### TASK GOAL
Starting with the line below that holds "Dentist's hand in" and stopping after the line that holds "abstract blue color", transcribe the lines exactly, leaving out all pictures.

### Short text fragments from websites
###
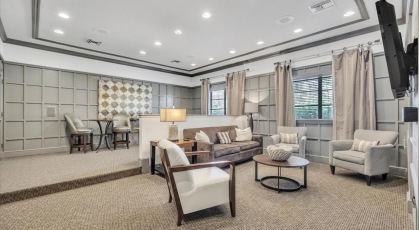 Resident movie room with tv and comfortable seating 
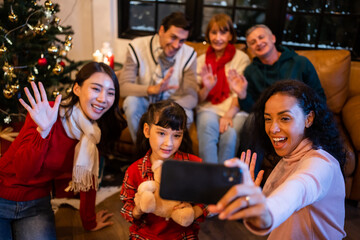 Fototapeta premium Multi-ethnic big family use mobile phone video call online to relative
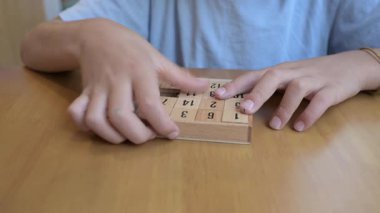 Masada numaralandırılmış fayanslarla ahşap sürgülü bulmacayı çözen çocuğun yakın çekimi. Beyin eğitimi, problem çözme, mantık oyunları, çocukluk eğitimi ve bilişsel gelişim kavramı.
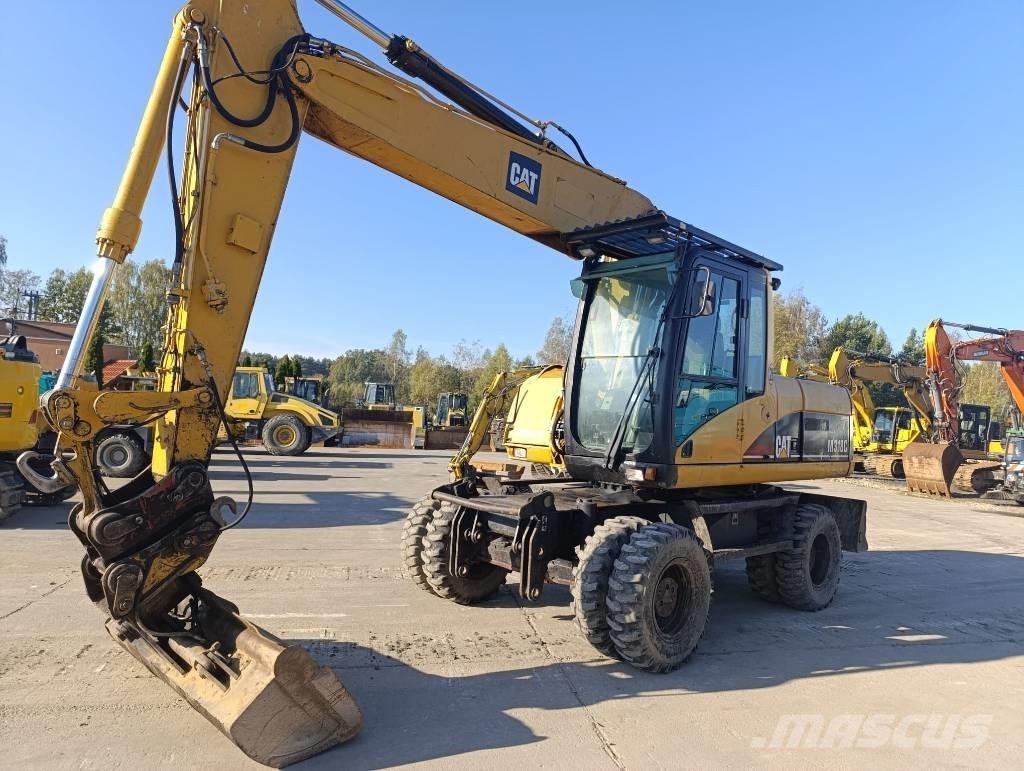 CAT M 318 C Ekskavatori uz riteņiem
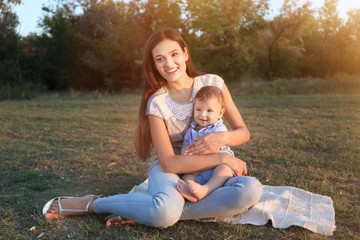 Beautiful young mother with cute baby boy, outdoors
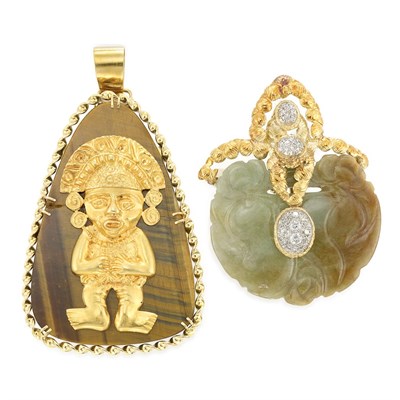 Lot 360 - Gold and Tiger's Eye Pendant Clip-Brooch and Gold, Carved Jade and Diamond Pendant-Brooch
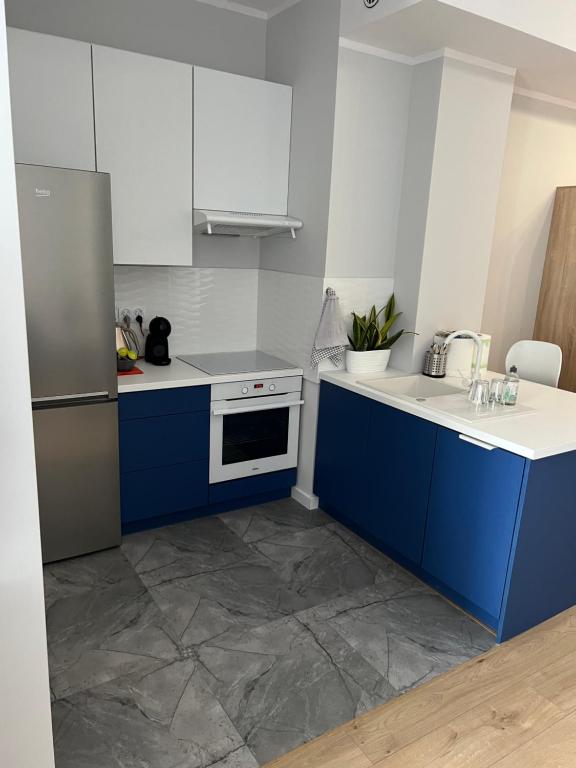 卡托维兹Marcinkowskiego 11 - 2的厨房配有蓝白色橱柜和冰箱。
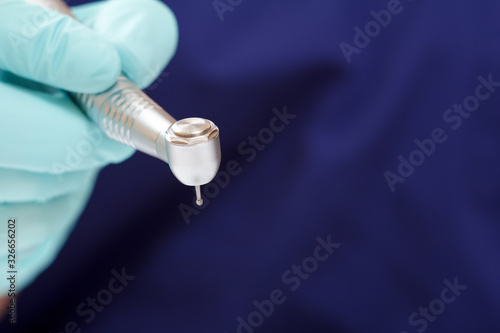 Dentist's hand in green examination glove with dental handpiece.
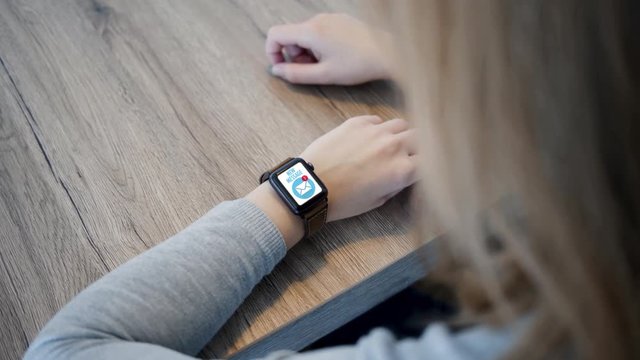 Smart Watch - Incoming Message on Screen - Over Shoulder - Slow Motion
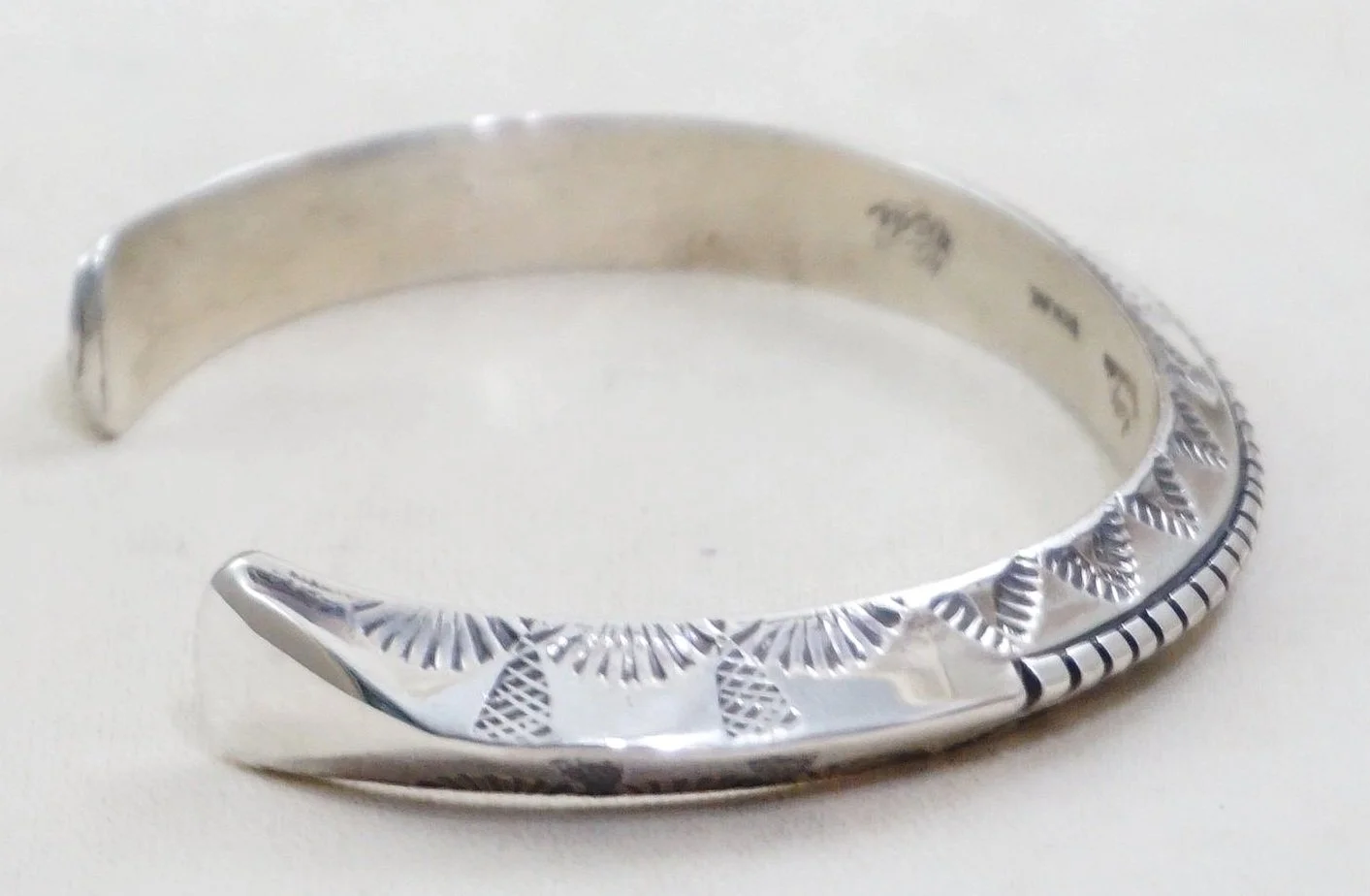 Item #1027W- Heavy Solid Stamped Thunderbird Tracks Sterling 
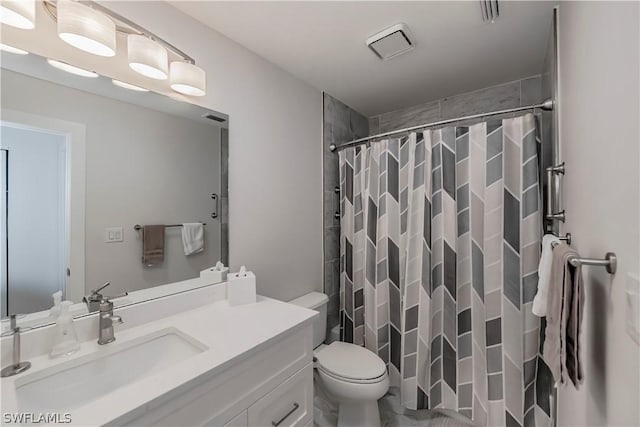 bathroom featuring toilet, vanity, and curtained shower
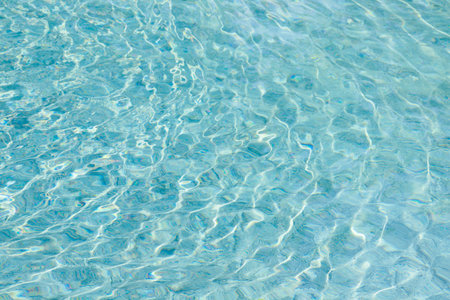 abstract blue color water wave in swimming pool pure natural swirl pattern texture use for backgroundの写真素材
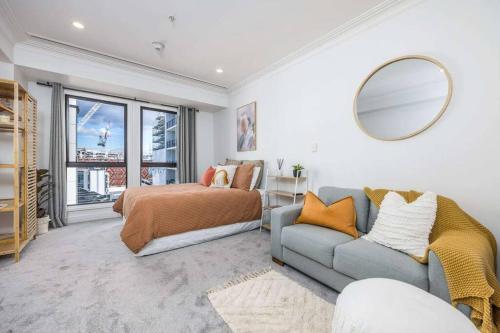 オークランドにあるCBD Studio Getawayのベッドルーム(ベッド1台、ソファ、鏡付)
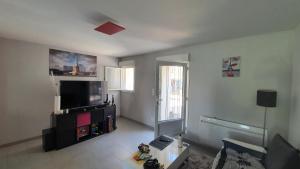 a living room with a flat screen tv and a table at Maison duplex de ville avec terrasse et clim in Foucherans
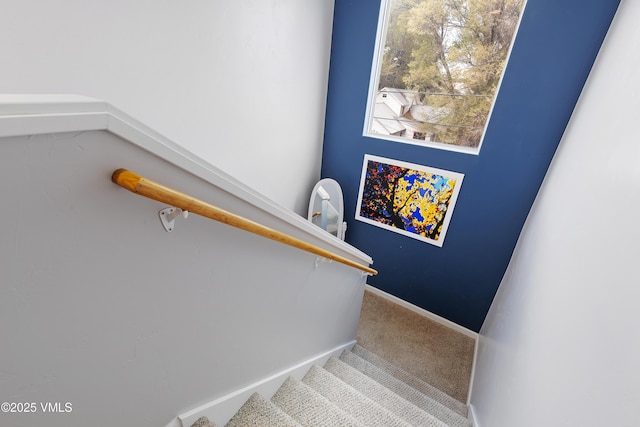 staircase with carpet and baseboards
###
### ANSWER SECTION
 Dentist's hand in green examination glove with dental handpiece.
 Smart Watch - Incoming Message on Screen - Over Shoulder - Slow Motion
 Item #1027W- Heavy Solid Stamped Thunderbird Tracks Sterling 
 bathroom featuring toilet, vanity, and curtained shower
 abstract blue color water wave in swimming pool pure natural swirl pattern texture use for backgroundの写真素材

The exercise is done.